J J Cahill Memorial High School (abbreviated as JJCMHS; colloquially known as JJ) is a public co-educational secondary day school, located on Sutherland Street in Mascot, an inner southern suburb of Sydney, New South Wales, Australia. 

The school is operated by the NSW Department of Education with students from Year 7 to Year 12. The school was established in 1961 as a comprehensive high school, named in honour of John Joseph Cahill, the local member and Premier of New South Wales.

History
In the late 1950s, as a result of lobbying from the local council, residents and the local member for Cook's River and premier, John Joseph (J. J.) Cahill, it was decided to establish a high school in Mascot. Owing to delays in construction, the school was not finished until 1961, two years after Cahill's death in office in October 1959. 

At the time, the first few intakes of the new high school were housed at Gardeners Road Public School. When the school finally was ready for use, the students carried their books and furniture to the new school site down the road, an event which was commemorated at the school's 50th anniversary in 2011. In memory of Cahill's efforts to bring public education to the local area, the school decided that it was to be named in his honour. Accordingly, "J J Cahill Memorial High School" was officially opened by his widow, Esmey Cahill, on 24 March 1961. The first Principal was Landolf (Len) George Schmidt.

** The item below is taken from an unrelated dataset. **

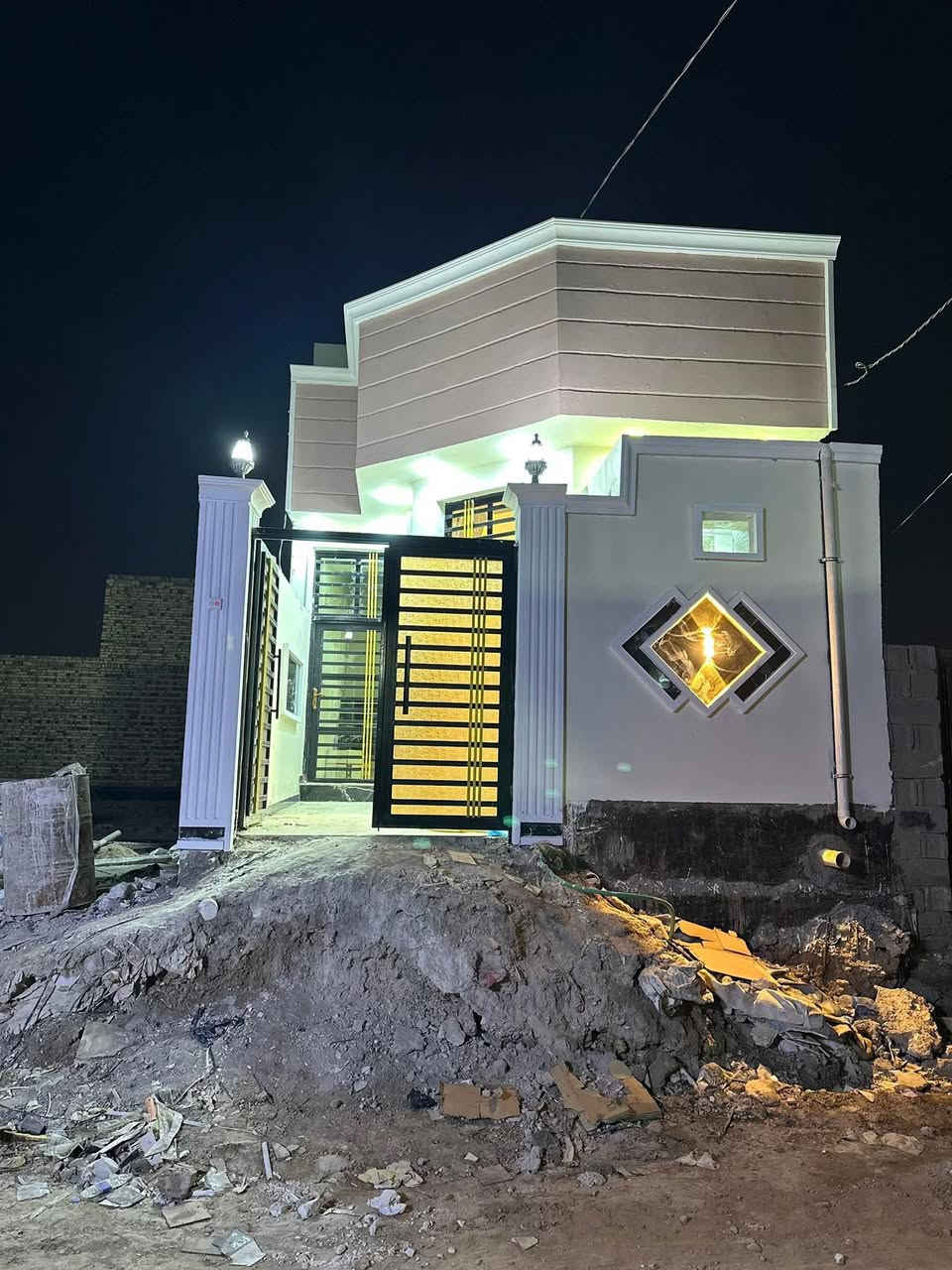 يالله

Following a financial contribution of $3 million from the Sydney Ports Corporation as part of the Port Botany Development Project, the school built a new gymnasium, which was officially opened on 7 May 2010 by Premier Kristina Keneally in the presence of the principal Robyn Cowin and the Minister for Ports and Waterways, Paul McLeay.

Principals

Notable alumni and staff
Ron Hoenig – Member of the Legislative Assembly for Heffron, barrister and Mayor of the City of Botany Bay (1981–2012)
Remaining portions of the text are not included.